● **Your goal**
Nothing should be left out: repeat all the data exactly.

======== Records for this task

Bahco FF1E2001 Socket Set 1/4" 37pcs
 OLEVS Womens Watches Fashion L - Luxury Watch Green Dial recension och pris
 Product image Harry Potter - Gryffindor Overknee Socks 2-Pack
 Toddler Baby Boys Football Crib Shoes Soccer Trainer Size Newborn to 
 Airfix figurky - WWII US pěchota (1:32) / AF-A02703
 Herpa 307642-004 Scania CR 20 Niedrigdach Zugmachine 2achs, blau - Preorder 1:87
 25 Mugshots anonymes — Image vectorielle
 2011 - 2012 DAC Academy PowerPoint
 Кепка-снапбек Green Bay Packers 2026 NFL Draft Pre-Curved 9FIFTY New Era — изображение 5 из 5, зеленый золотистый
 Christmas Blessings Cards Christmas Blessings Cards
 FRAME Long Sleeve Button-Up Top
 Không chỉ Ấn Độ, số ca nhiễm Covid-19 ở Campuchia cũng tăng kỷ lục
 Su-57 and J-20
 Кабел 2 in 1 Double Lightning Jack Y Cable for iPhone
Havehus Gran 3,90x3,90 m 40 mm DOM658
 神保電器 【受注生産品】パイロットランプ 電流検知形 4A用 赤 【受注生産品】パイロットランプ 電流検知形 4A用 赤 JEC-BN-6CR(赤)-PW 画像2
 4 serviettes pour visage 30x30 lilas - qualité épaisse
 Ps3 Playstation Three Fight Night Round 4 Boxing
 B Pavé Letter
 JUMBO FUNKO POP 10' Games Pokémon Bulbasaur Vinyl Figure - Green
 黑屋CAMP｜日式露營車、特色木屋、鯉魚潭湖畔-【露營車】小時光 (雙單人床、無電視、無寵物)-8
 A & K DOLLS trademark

================

● **Reply**
Bahco FF1E2001 Socket Set 1/4" 37pcs
 OLEVS Womens Watches Fashion L - Luxury Watch Green Dial recension och pris
 Product image Harry Potter - Gryffindor Overknee Socks 2-Pack
 Toddler Baby Boys Football Crib Shoes Soccer Trainer Size Newborn to 
 Airfix figurky - WWII US pěchota (1:32) / AF-A02703
 Herpa 307642-004 Scania CR 20 Niedrigdach Zugmachine 2achs, blau - Preorder 1:87
 25 Mugshots anonymes — Image vectorielle
 2011 - 2012 DAC Academy PowerPoint
 Кепка-снапбек Green Bay Packers 2026 NFL Draft Pre-Curved 9FIFTY New Era — изображение 5 из 5, зеленый золотистый
 Christmas Blessings Cards Christmas Blessings Cards
 FRAME Long Sleeve Button-Up Top
 Không chỉ Ấn Độ, số ca nhiễm Covid-19 ở Campuchia cũng tăng kỷ lục
 Su-57 and J-20
 Кабел 2 in 1 Double Lightning Jack Y Cable for iPhone
Havehus Gran 3,90x3,90 m 40 mm DOM658
 神保電器 【受注生産品】パイロットランプ 電流検知形 4A用 赤 【受注生産品】パイロットランプ 電流検知形 4A用 赤 JEC-BN-6CR(赤)-PW 画像2
 4 serviettes pour visage 30x30 lilas - qualité épaisse
 Ps3 Playstation Three Fight Night Round 4 Boxing
 B Pavé Letter
 JUMBO FUNKO POP 10' Games Pokémon Bulbasaur Vinyl Figure - Green
 黑屋CAMP｜日式露營車、特色木屋、鯉魚潭湖畔-【露營車】小時光 (雙單人床、無電視、無寵物)-8
 A & K DOLLS trademark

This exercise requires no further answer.